> **STUDY MATERIAL**

================

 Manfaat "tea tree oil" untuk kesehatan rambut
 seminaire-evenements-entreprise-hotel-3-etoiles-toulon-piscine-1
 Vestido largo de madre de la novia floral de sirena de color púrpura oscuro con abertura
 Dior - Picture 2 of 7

================

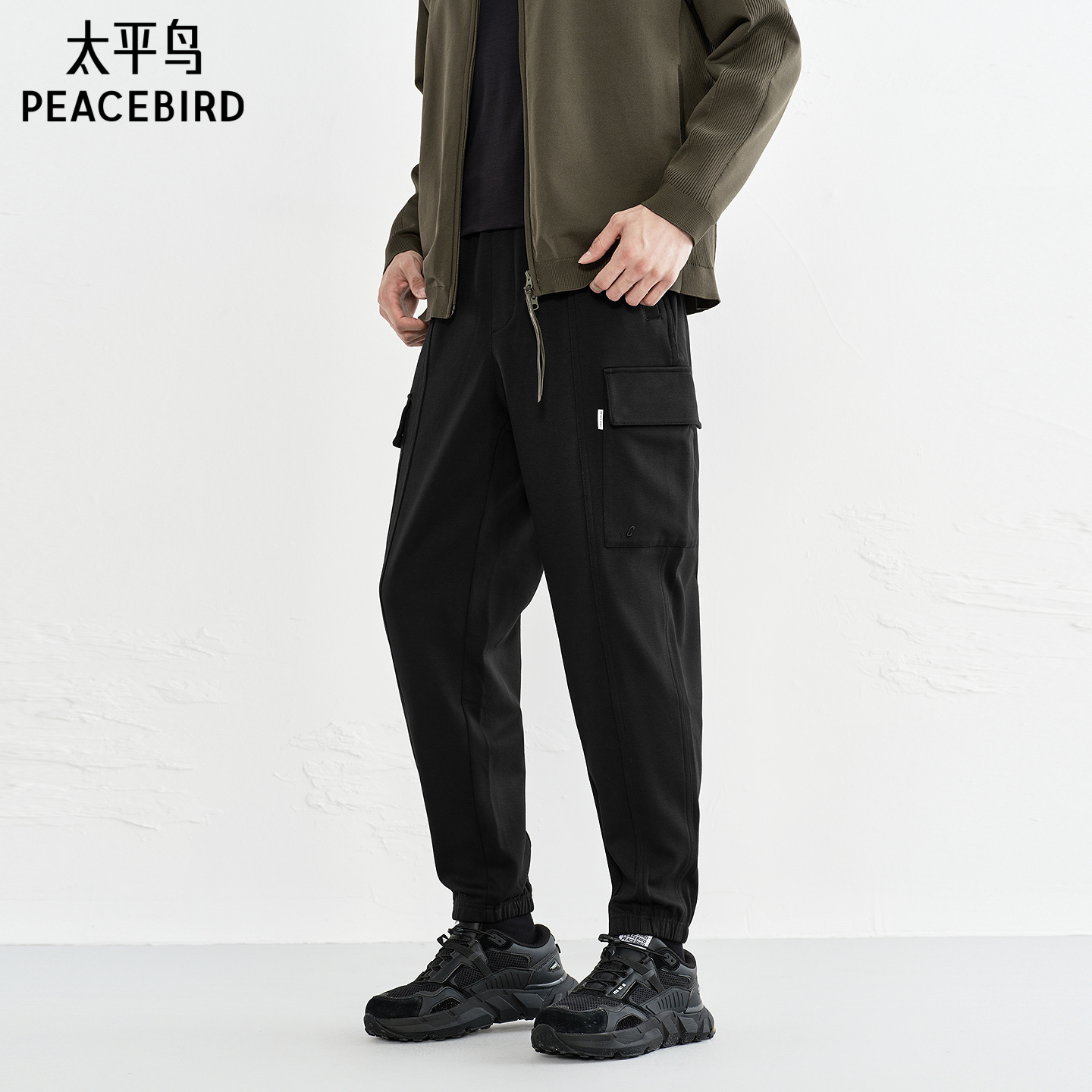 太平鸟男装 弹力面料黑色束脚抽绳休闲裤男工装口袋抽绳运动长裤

================

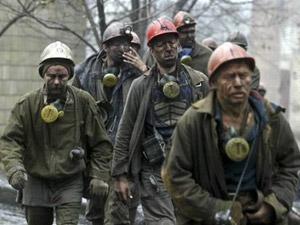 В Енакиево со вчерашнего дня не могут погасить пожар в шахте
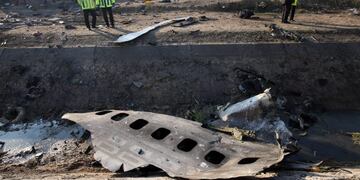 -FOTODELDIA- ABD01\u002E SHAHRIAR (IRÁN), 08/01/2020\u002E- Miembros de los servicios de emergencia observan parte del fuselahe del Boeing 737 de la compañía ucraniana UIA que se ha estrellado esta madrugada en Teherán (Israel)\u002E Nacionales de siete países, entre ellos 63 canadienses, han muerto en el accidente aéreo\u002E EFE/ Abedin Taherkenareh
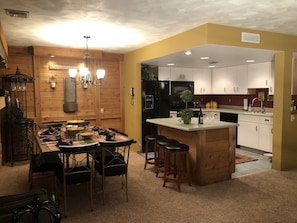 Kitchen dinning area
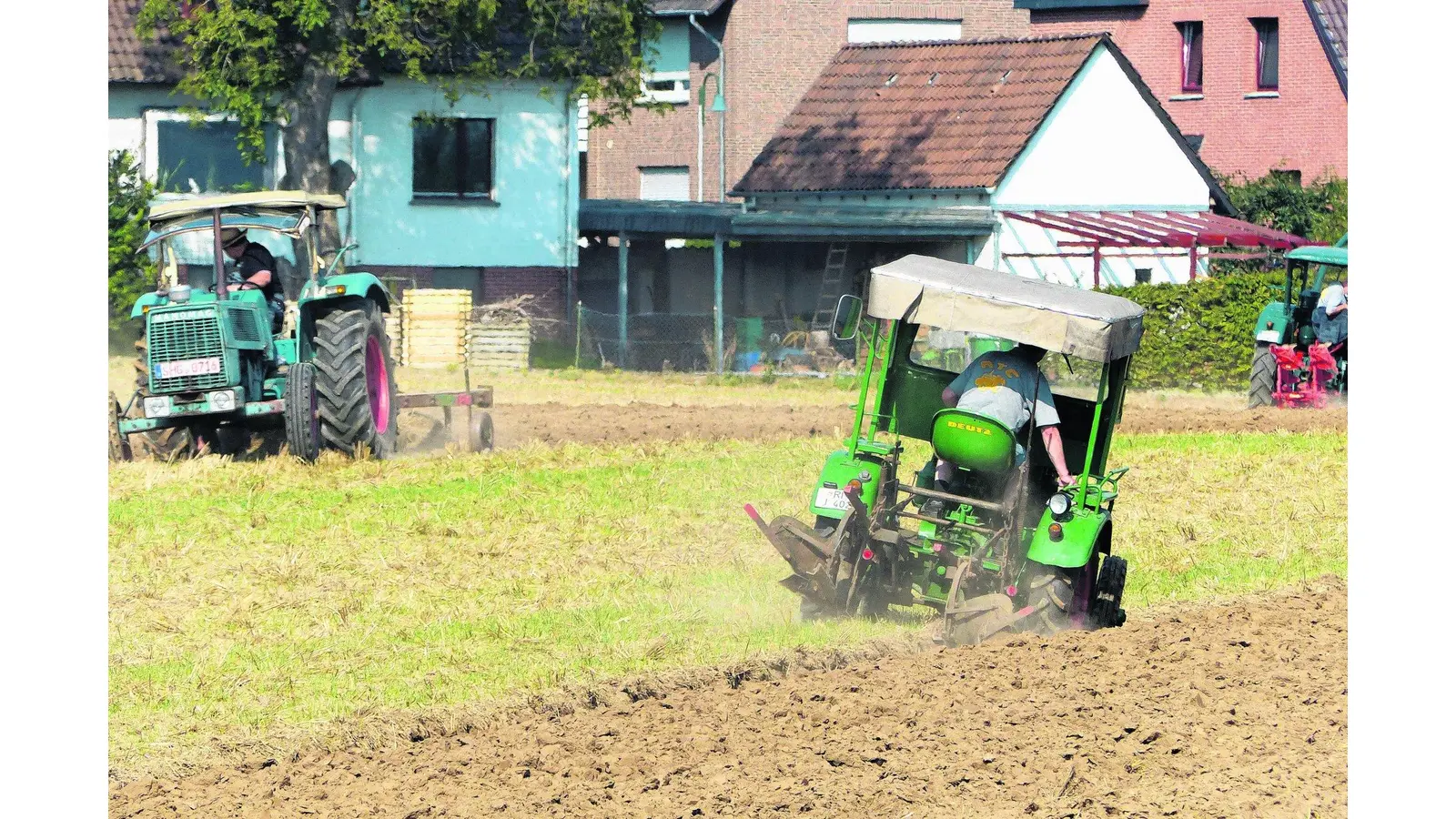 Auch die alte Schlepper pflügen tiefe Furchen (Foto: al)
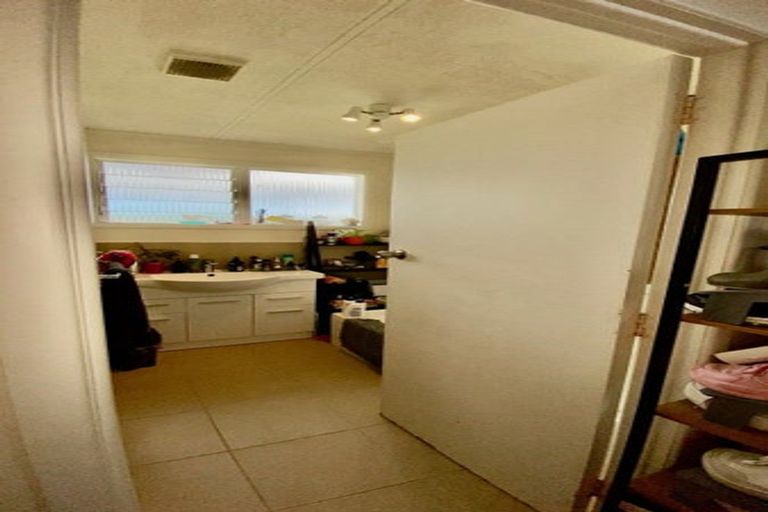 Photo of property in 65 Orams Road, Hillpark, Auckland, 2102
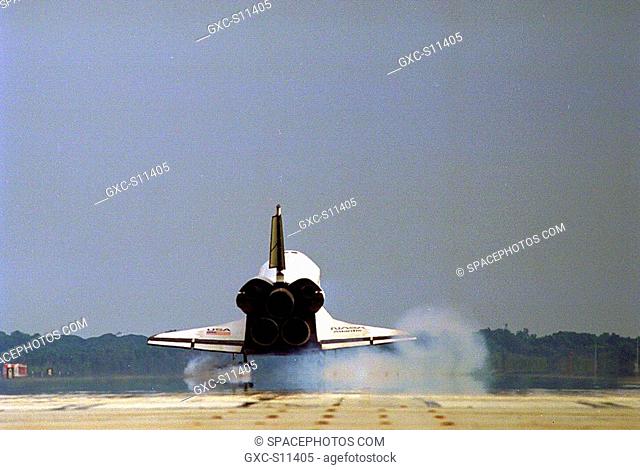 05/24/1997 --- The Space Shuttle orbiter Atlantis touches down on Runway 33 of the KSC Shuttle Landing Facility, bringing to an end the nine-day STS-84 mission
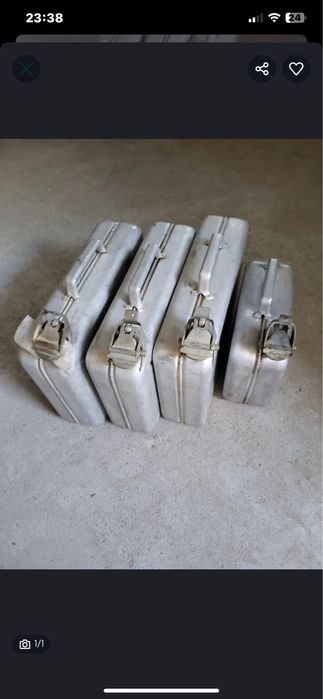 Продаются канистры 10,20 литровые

================

> **ASSIGNMENT**
When you reach the line that has "05/24/1997 --- The" in the data above, start repeating lines exactly, and stop after the line that has "Продаются канистры 10,20 литровые"; pictures stay out.

> **OUTPUT OF THE EXERCISE**
 05/24/1997 --- The Space Shuttle orbiter Atlantis touches down on Runway 33 of the KSC Shuttle Landing Facility, bringing to an end the nine-day STS-84 mission
 Продаются канистры 10,20 литровые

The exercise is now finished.